第6話 分からない人に対するフォロー

初心者にすべきことはその人が理解しやすいような説明である。しかし、その説明は本当にその卓にあった説明なのだろうか。いつも通りであるが、本書は説明が上手か下手かを論ずるものではない。


通常説明するのはGMだ。ゲームの内容でもシナリオの内容でも最初はGMがプレイヤー方4名前後に説明する。今の説明でわからなかったにその人に向けて説明をする。


「説明する」ことにおいて想定している「初心者」とは何なのか。それは「それに対する知識がなく説明を必要とする者」である。よく考えてみよう。説明することにおいて重要なのは当人が理解しているか否かだ。そこにこれまでのTRPG歴などは関係ない。
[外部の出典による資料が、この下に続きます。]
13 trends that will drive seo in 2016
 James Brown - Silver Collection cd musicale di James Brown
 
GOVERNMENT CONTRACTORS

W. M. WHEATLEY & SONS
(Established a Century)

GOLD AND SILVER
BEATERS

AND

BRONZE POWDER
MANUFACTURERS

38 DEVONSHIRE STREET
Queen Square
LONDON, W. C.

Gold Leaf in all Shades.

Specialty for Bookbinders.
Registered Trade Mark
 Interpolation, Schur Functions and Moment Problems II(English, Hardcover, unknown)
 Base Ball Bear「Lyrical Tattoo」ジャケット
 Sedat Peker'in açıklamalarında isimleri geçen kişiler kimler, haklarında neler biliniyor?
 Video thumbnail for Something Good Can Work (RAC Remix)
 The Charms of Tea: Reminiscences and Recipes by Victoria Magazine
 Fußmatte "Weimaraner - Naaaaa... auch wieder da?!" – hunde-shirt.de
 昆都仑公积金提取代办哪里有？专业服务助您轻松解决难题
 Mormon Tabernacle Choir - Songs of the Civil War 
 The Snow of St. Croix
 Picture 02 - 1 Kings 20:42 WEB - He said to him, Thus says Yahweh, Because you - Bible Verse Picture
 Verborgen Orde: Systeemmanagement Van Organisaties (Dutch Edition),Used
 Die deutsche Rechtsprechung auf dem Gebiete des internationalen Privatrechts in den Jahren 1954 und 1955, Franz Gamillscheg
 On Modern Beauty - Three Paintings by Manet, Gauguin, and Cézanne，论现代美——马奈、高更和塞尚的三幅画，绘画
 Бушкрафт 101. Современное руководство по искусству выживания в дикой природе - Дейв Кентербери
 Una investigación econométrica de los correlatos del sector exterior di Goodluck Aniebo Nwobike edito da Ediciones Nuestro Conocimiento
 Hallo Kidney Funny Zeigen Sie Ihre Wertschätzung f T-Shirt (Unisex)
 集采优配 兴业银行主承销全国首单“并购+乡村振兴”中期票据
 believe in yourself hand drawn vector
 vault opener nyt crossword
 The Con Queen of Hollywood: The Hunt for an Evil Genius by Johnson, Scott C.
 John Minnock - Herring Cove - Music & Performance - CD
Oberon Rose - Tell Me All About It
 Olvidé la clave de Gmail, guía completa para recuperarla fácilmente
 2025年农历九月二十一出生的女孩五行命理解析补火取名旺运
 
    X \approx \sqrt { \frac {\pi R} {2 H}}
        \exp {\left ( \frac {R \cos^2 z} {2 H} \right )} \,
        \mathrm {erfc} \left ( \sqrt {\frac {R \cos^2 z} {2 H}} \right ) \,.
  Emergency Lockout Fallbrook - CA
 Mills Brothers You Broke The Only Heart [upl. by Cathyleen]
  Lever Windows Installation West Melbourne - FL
そして、前述のPL4人に対して説明することと、その説明が分からなかった人への説明は明確に異なる。


授業をするとしよう。学校や集団で教わるような学習塾では教師が生徒に教える時分かりやすい授業を務めるが、その授業中、一番理解力の劣る人に合わせるだろう。そうすると、理解力のある人は先走ってつまらない話を聞く。私も授業中内職していたのでカリキュラムの遅さはよくわかる。その時他の人が「先生、ここが分からないです」と質問が来た。そこでの回答は、その授業で最も理解力が劣っている人ではなく、その質問してきた人が理解しやすいレベルに合わせるだろう。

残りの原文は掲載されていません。